*PROVIDED DATA:*
----------------------------------------

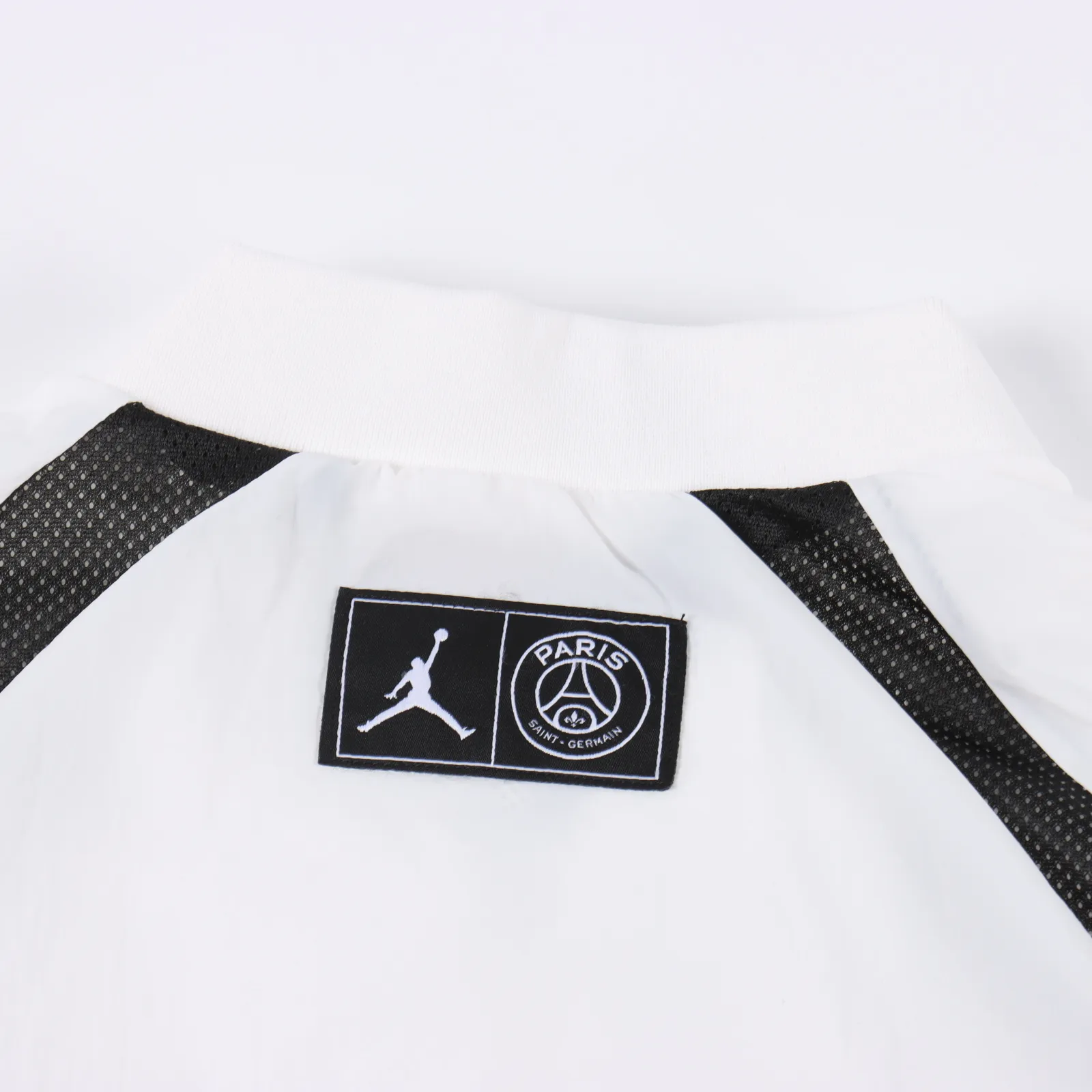 Air Jordan PSG巴黎圣日耳曼聯名限定夾克 後背簡單拼接風格 超級經典的款式 情侶款 經典又百搭 可以搭配不同風格的褲子鞋子 真正的百搭神器 上身效果一級棒 讓你走在時尚潮流前線的前端  網紅潮流必入款 右胸有定制AJ圖標膠印設計 左胸有大巴黎logo刺繡肩章  專業訂製五金的拉鍊頭  訂製羅紋面料  三標齊全 現在上手最新款夾克一點不晚  自留款  男女同款                SIZE:M-XXL                編碼：EIO091022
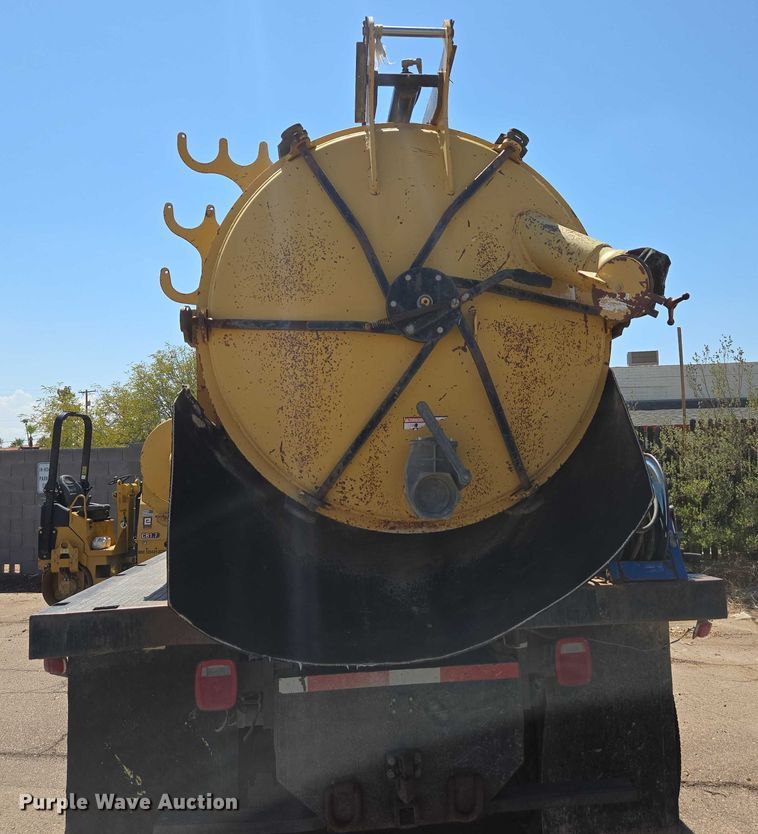 image for item EC3762 2001 International 4700 flatbed truck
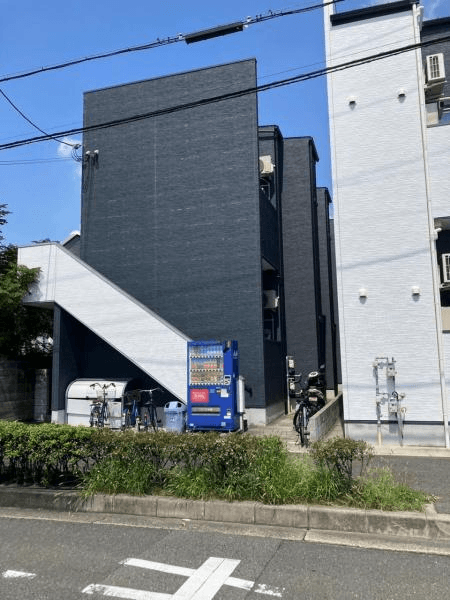 post-image, 2025061254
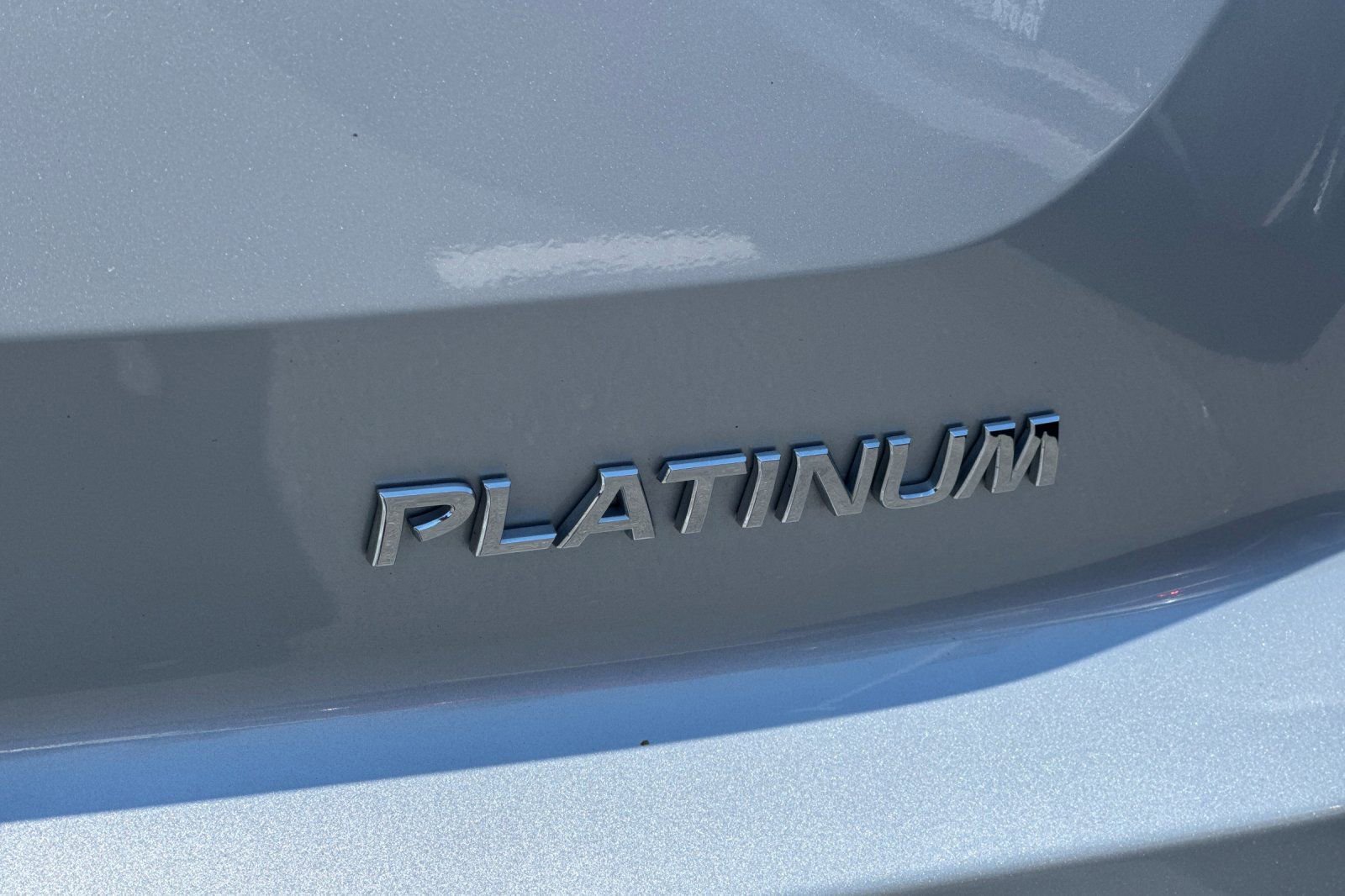 Used 2023 Nissan Pathfinder Platinum FWD image 13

----------------------------------------

*WORK TO COMPLETE:*
Begin with the line that contains "image for item" and repeat every line through the end of the data, exactly and only those lines, leaving out the pictures.

*OUTPUT:*
 image for item EC3762 2001 International 4700 flatbed truck
 post-image, 2025061254
 Used 2023 Nissan Pathfinder Platinum FWD image 13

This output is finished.